PROBLEM TO SOLVE:
Output exactly the lines from the line that has "You can also" through the last line of the data below, with no pictures.

DATA SHOWN:
⁂
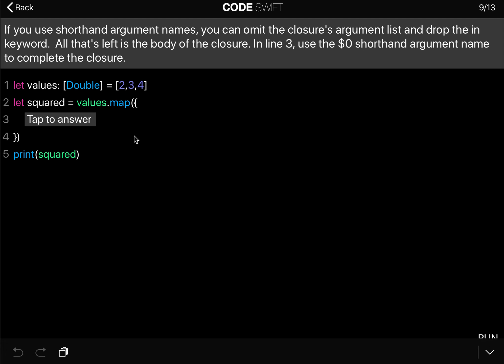So what we will say here is that let squared equals values.map curly brackets and now we say $0 times $0.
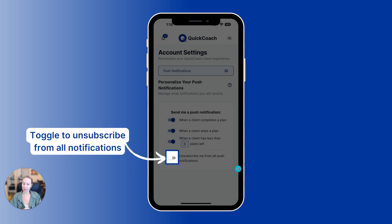You can also mass unsubscribe from notifications by making sure this is showing to the left.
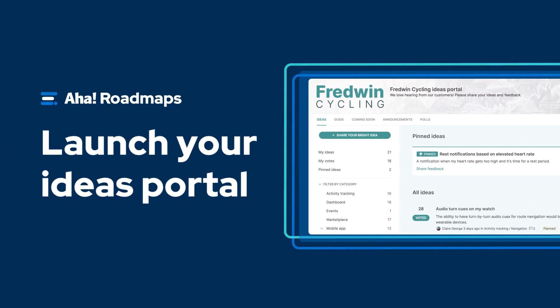Hi, this is Catherine from AHA. Today I'm going to walk you through how to create an ideas portal so that you can gather product feedback in one place.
⁂
EXERCISE RESPONSE:
You can also mass unsubscribe from notifications by making sure this is showing to the left.
Hi, this is Catherine from AHA. Today I'm going to walk you through how to create an ideas portal so that you can gather product feedback in one place.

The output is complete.